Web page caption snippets

════════════════════

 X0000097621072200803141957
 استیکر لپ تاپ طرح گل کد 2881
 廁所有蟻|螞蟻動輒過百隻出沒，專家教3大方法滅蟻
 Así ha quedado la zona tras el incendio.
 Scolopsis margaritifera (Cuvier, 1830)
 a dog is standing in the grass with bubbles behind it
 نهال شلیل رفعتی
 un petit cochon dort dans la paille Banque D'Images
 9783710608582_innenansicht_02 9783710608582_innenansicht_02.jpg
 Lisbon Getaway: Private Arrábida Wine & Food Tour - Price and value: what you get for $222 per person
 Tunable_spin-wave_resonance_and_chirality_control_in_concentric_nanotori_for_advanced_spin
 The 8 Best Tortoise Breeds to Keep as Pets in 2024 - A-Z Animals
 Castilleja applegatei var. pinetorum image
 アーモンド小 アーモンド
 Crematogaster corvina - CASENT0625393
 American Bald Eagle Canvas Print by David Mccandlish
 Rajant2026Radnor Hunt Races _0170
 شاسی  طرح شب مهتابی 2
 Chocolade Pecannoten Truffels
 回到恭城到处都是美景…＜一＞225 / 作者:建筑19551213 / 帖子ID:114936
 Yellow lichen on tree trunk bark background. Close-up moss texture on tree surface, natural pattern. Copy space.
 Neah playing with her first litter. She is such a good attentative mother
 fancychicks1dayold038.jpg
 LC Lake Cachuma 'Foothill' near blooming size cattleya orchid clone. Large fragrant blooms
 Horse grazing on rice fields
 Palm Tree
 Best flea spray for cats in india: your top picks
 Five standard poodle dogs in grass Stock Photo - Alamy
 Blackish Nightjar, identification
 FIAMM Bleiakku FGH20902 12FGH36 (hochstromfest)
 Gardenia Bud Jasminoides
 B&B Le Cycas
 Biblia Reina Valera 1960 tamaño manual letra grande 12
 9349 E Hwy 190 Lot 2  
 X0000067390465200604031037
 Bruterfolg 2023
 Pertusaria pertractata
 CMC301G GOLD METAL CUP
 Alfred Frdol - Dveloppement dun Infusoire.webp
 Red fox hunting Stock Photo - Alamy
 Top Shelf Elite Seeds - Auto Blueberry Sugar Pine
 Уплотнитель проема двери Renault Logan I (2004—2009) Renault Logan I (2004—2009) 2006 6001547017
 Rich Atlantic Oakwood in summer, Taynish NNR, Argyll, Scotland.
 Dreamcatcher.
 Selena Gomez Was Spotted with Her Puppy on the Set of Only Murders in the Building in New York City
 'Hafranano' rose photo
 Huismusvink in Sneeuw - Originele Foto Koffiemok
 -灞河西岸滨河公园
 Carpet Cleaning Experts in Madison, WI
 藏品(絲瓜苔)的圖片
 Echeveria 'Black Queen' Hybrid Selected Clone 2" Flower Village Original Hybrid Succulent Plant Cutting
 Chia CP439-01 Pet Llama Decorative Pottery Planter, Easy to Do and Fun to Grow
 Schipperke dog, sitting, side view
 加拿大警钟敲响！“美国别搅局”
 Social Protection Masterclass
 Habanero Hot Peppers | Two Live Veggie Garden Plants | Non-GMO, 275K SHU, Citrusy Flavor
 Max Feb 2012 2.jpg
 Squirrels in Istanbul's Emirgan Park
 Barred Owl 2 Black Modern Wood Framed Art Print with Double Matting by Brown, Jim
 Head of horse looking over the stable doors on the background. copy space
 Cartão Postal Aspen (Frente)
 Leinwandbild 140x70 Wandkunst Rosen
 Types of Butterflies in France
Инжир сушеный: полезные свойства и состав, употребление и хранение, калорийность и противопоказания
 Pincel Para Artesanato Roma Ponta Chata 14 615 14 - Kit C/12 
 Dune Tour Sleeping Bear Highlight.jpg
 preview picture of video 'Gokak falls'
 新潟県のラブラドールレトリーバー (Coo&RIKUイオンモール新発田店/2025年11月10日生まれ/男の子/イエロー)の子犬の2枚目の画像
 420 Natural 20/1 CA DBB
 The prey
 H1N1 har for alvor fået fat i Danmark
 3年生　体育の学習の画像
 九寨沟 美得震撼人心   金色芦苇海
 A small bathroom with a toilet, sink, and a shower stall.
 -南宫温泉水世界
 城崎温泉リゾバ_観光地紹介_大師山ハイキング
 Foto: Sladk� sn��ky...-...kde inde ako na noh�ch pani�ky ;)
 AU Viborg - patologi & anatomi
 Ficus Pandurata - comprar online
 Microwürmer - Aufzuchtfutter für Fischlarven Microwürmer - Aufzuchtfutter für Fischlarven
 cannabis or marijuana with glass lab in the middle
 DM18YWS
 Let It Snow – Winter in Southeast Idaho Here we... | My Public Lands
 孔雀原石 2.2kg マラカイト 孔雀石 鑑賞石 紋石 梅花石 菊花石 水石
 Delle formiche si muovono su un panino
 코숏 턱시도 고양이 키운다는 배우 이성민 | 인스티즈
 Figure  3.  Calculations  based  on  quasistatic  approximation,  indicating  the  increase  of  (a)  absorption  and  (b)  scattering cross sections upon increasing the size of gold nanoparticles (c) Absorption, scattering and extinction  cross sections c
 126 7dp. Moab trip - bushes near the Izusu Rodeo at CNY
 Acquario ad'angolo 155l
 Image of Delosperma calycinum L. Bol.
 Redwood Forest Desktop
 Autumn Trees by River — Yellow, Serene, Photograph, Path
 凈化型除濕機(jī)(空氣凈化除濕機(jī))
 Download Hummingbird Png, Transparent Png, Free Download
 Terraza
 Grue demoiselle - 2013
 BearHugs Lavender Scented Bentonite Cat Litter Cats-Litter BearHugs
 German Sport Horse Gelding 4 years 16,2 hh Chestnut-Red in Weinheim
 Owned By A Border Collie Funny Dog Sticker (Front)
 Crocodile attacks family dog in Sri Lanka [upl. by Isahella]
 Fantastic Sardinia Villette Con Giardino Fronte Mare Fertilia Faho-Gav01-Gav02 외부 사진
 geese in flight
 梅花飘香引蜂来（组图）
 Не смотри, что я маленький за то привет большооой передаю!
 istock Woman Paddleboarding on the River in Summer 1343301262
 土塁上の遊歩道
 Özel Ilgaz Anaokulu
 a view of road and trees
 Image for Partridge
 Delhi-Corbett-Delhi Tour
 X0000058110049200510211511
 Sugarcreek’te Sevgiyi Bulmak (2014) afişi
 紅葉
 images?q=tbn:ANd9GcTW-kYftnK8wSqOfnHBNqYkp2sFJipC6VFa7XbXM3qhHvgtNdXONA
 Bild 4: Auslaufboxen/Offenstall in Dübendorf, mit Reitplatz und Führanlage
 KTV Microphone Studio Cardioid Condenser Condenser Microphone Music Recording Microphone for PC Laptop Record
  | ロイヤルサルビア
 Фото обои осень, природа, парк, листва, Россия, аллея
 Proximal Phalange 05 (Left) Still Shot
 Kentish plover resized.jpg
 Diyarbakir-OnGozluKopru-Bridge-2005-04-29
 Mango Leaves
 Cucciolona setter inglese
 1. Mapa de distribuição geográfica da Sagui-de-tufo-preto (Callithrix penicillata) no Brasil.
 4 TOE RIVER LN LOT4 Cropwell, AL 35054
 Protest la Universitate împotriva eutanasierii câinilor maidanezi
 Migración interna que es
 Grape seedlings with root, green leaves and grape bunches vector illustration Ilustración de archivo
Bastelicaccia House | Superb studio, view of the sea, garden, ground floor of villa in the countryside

════════════════════

> _Exercise instructions_:
Scan the records above for the word "Yellow". Show each line in which it appears.

> _Task solution_:
 Yellow lichen on tree trunk bark background. Close-up moss texture on tree surface, natural pattern. Copy space.
 Autumn Trees by River — Yellow, Serene, Photograph, Path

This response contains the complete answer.